Gilbert and George, rooted in the melting-pot of East London where they have lived for the last 40 years, refer to themselves as the vibrant enemies of “intellectual art, obsessed by form, the cruel negation of the lives of people”. But have they managed, as they claim so loudly, to create an “art for all”, to reach the masses with “the works of the current era that have the most to say”? A major question!

Two for the Price of One

And then there is the couple, itself. It is all as if the couple’s performance, which soon achieved a unity to become ONE artists, then ONE star, than ONE private enterprise to produce kitschy derivative items for the chic loft – it seems as if this leads the spectator to a sort of nauseating voyeurism: Looking through the key-hole to see Gilbert, the short brown-haired one from the Dolomites, and George, the tall blond one wearing the glasses. We know that, once past the door, we know they are rushing to take off their spick-and-span suits and ties, their dolly-look, stiff, totally controlled for the anything-goes beatnik gears, worn-out jeans and slippers, all grunge that finally assures us of the coherence of the statements of commitment …

Unless, with this heavy and very British mismatch, it is the clichés associated with homosexual imagery that the artistic couple transgress so well: this way of playing it as Sodom and Gomorra hanging from the picture-rail while at the same time attaching their G&G logo according to the norms of the market-place, still maintaining their lower-middle-class-country-conservative look, a thousand leagues distant from the creative voyeuristic romanticism, juvenile and subversive, of a Pasolini or a Genet!

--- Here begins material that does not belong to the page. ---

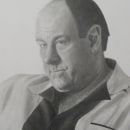 Fan Art de Tony Soprano . Traditional illustration, Fine Arts, Pencil Drawing, Drawing, Portrait Drawing, and Realistic Drawing project by Luís - 04.16.2021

Exhibition at the Tate Modern, 4th floor, east and west wings, until 7th May, 2007. Open daily from 10am to 6 pm, until 10 pm on Fridays and Saturdays. Entrance: 10 euros, concessions, 8 euros. To get there from Paris : Just 2 ½ hours with the Eurostar. Catalogue in English only) Gilbert And George Major Exhibition Tate Modern, texts by Jan Debbaut, Michael Bracewell and Marco Livingstone. Published by the Tate, 208 pages, 12.99 pounds.